Brooks Automation acquires Zygo Corp.’s automation systems group

Dec. 14, 2001 – Chelmsford, MA – Brooks Automation Inc., a supplier of tool and factory hardware and software automation solutions, has completed the purchase of the automation systems group of Zygo Corp.

Zygo’s automation systems group is a manufacturer of reticle automation systems including reticle sorters, reticle macro inspection systems, and reticle handling solutions.

The purchase method of accounting will be used to account for the cash transaction of approximately $11 million.

“The Zygo automation systems acquisition is an important part of Brooks Automation’s strategy of supplying an integrated suite of lithography automation systems,” said Robert Therrien, president and CEO of Brooks. “The cost of advanced photomask sets can now exceed $500,000, causing semiconductor manufacturers to turn increasingly toward automated reticle handling systems to eliminate problems that may be caused by manual operations. This acquisition will enable Brooks to provide a more complete solution for lithography automation.”

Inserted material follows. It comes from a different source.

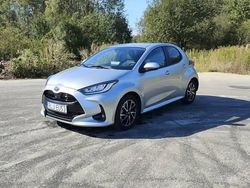 Srebrny Używany 2023 Toyota Yaris Comfort Hatchback | 66 600 zł (Dość drogi)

Zygo will retain its core automation business in Delray Beach, FL, for metrology integrated solutions and photonic and electronic module assembly.

In other Brooks Automation news, Brooks and PRI Automation Inc.

have received a request for additional information pertaining to Brooks’ pending acquisition of PRI — a $380 million deal that, if completed, will create the world’s largest automation company, Brooks-PRI Automation.

The request was made by the antitrust division of the Department of Justice (DOJ).

The waiting period applicable to the pending acquisition under the US Hart-Scott-Rodino Antitrust Improvements Act will expire 30 days after substantial compliance with the request for additional information, unless terminated earlier by the DOJ.

The companies said they intend to respond as quickly as possible to the second request. However, the companies cannot estimate how long it will take to achieve substantial compliance with the second request. Subject to completion of the Hart-Scott-Rodino process, and satisfaction of other customary closing conditions contained in the definitive merger agreement, including Brooks and PRI stockholder approval, the companies anticipate the acquisition will close in 1Q02, as announced previously.